Exercise details =>
Begin your copy at the line with "Snob Rectangle Frame Sunglasses In Black" in the records below and end it at the line with "Arbejdspladser med computere på kontor", restating each line word for word; omit the pictures.

Supplied records =>
══════════
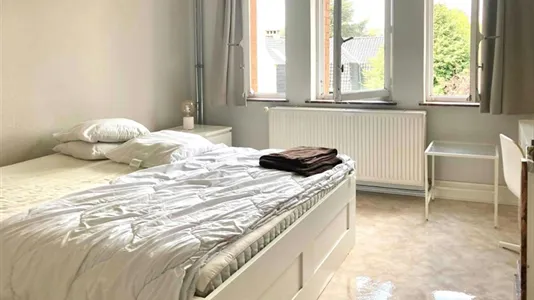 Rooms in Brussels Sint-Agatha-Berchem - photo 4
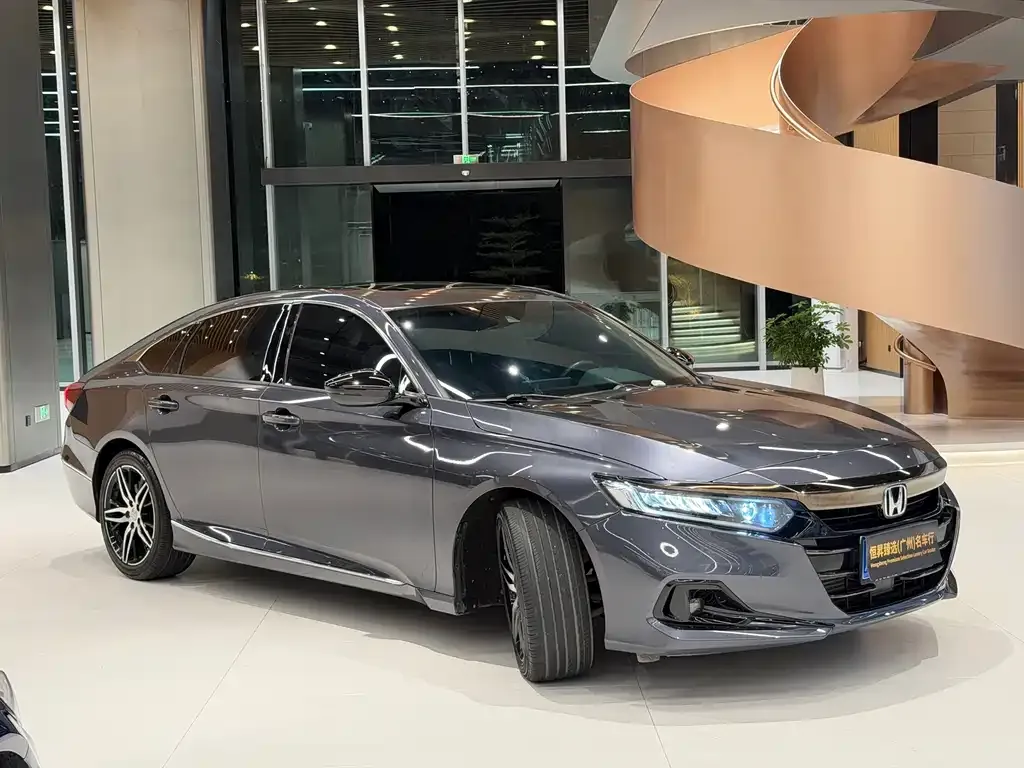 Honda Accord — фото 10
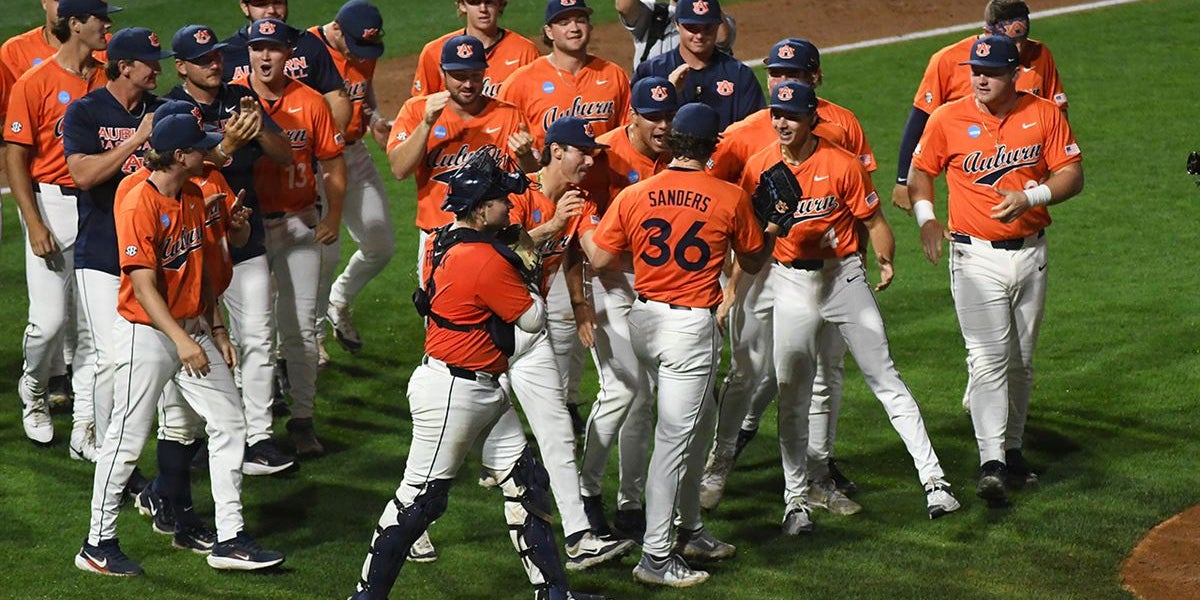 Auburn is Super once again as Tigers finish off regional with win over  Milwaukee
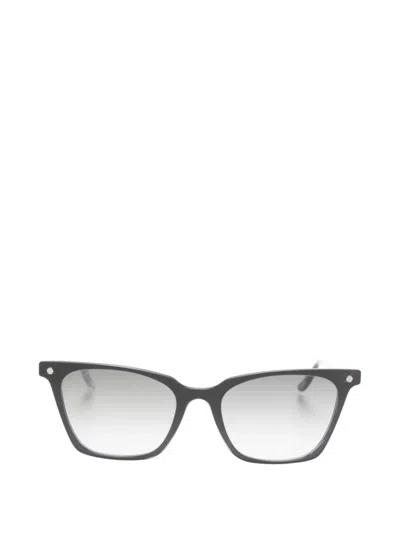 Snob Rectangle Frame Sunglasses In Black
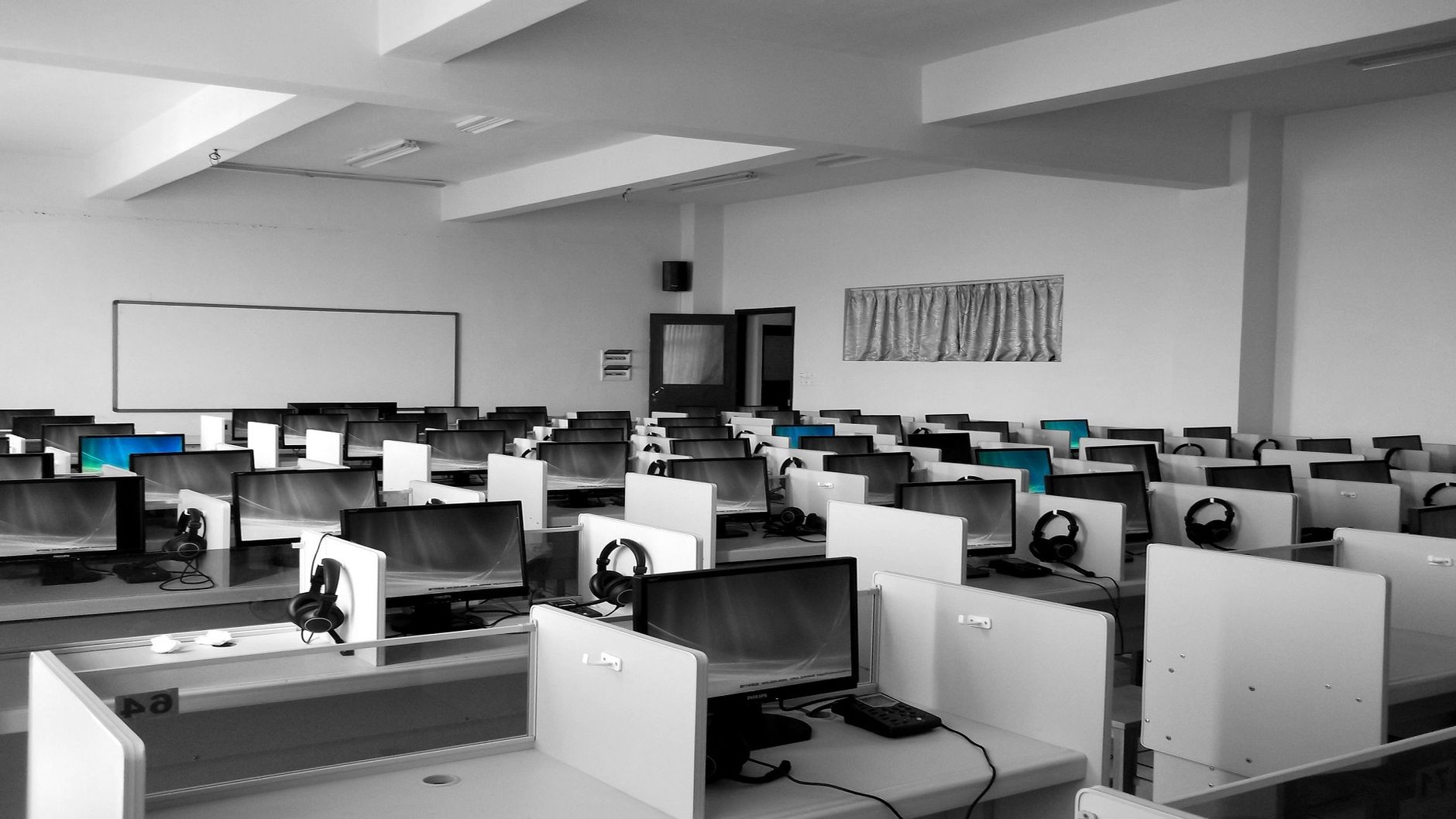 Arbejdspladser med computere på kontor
══════════
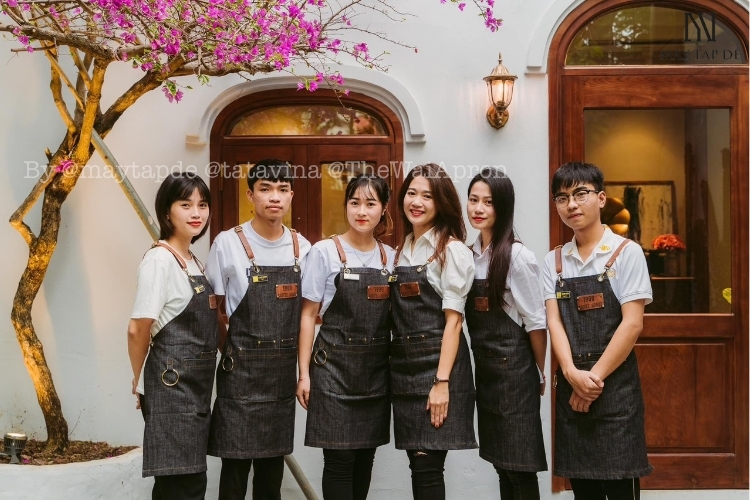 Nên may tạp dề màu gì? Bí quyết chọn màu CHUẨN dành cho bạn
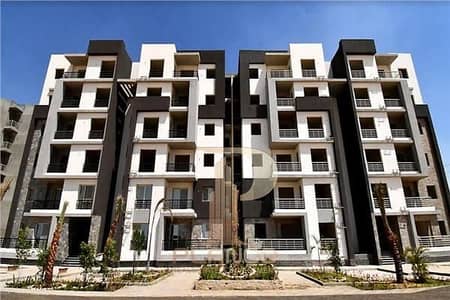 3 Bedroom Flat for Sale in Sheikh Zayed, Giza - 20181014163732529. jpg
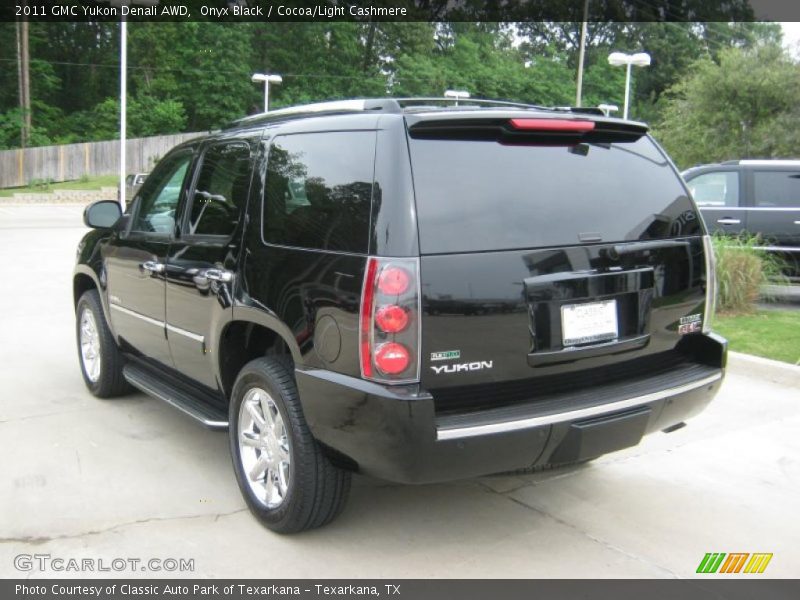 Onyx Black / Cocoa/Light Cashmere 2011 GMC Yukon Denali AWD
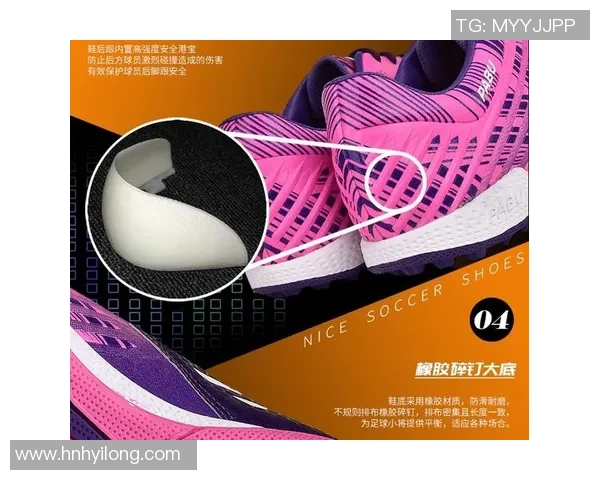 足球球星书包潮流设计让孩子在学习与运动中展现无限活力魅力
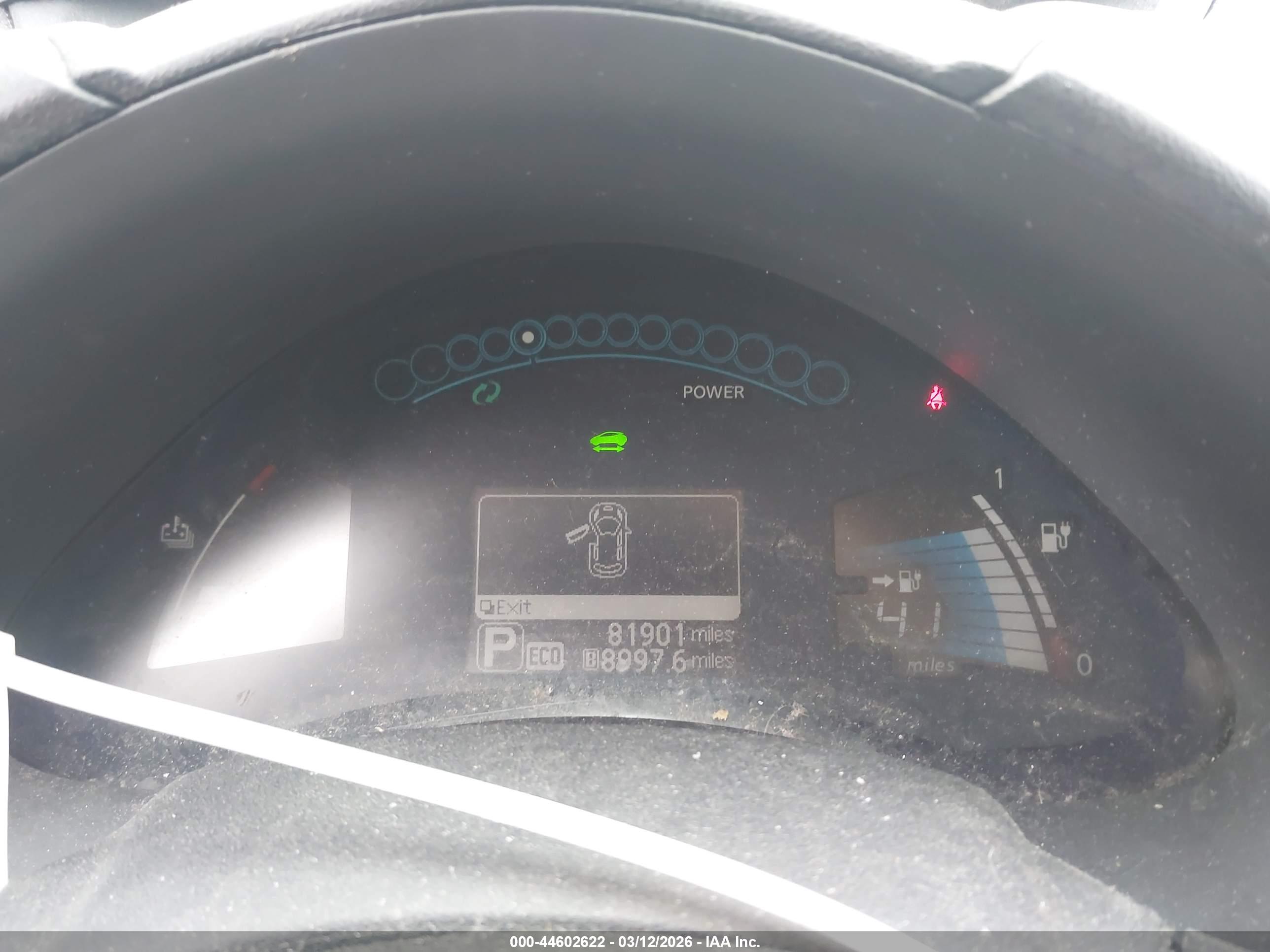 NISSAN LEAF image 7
══════════
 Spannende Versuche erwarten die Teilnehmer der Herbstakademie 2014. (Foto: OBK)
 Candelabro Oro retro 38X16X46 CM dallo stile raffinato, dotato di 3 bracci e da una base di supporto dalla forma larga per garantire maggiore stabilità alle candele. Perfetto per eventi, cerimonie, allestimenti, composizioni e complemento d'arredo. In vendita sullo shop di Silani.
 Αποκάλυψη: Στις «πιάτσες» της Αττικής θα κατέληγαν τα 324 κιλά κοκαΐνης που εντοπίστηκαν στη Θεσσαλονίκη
══════════
Task output =>
 Snob Rectangle Frame Sunglasses In Black
 Arbejdspladser med computere på kontor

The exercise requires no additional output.